Not cheap, but most special.
The one thing the nutty retro film movement has succeeded in accomplishing – and it’s not great photography – is the wild escalation of the prices of some of the classic cameras of the 1950s and 1960s. Quite why anyone would waste time processing film with its poor quality and great fragility compared to digital images beats me. Yeah, I know. And LPs sound better too, right? Uh huh. Just go easy on the funny cigarettes.
The two ‘go to’ makers of the time were Franke & Heidecke – Rolleiflex – and Ernst Leitz – Leica. Both were German, needless to add, and that’s a good thing as the last thing you want in your camera maker is a sense of humor. (If you wanted large format the maker of choice was Linhof, sharing roots in the Fatherland).
When the highest quality images were required without resorting to cumbersome plate cameras the Rollei, with its large 6x6cm negatives (over 3 times the area of the 35mm alternative) was the choice of the most famous photographers of the time. Beaton, Capa, Lee Miller, Avedon, Arbus, Adams, Erwitt, Vivian Maier all used Rolleiflexes. Heck, Fred Astaire, trained by none other than Richard Avedon, used no fewer than three in Funny Face, and if you have not seen that then your have little interest in photography.
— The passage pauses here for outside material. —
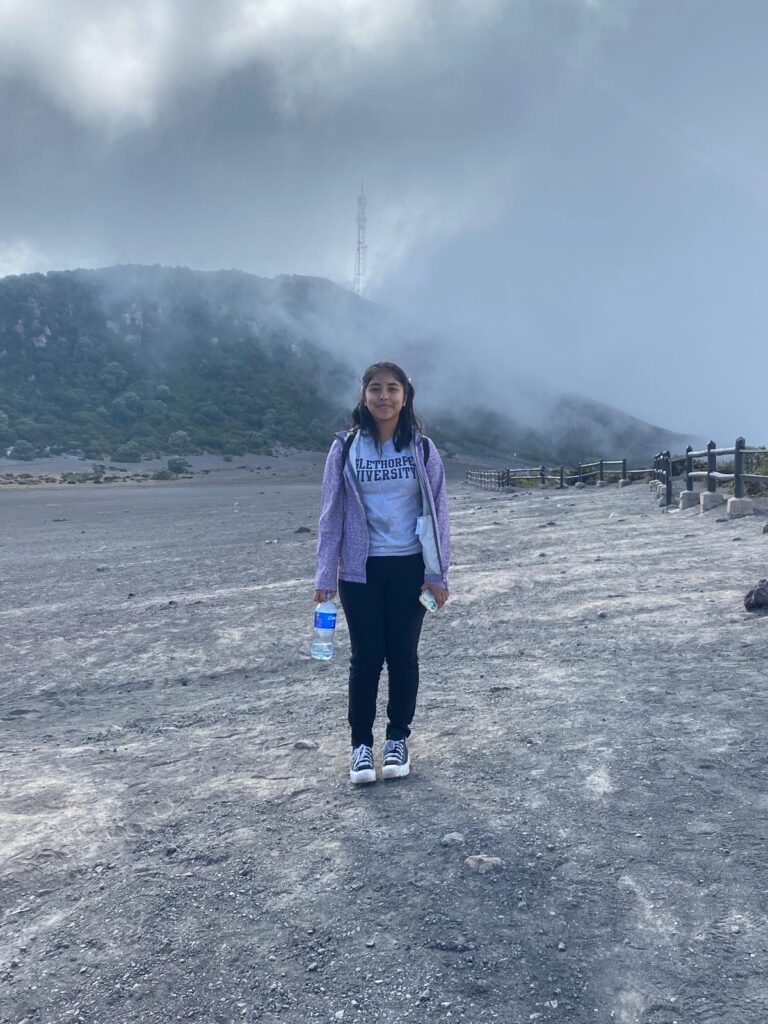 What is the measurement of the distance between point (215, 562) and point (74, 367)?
112m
So my small Home Theater display of the great classics could not possibly be complete without a Rolleiflex from the peak film era and I opted for a 2.8D made in 1955. This took a good deal of searching as most cameras of that era have been beaten to death. Not this one:
The Rolleiflex 2.8D, manufactured
between Aug 1955 and Sep 1956.
It’s as near mint as these things get right down to the dual lens cap (bayonet the top part, snap closed the lower one), pristine leather case and the original instruction book. And the latter is wonderful. Read it without knowing anything about picture taking and you will be half way there by the time you are done. Why, even the self timer works, reflecting a repair by the previous owner.
Having offered supplication to the Market God (he responded favorably) I laid out a not inconsiderable amount of cash and the Rollei now adds a touch of class to the Home Theater which includes a Nikon F, a Minox B, a Contax II, a Bolex H16, a Calumet field camera and …. my first camera, the 1959 Kodak Brownie Reflex 620, given me by my parents when I was 8.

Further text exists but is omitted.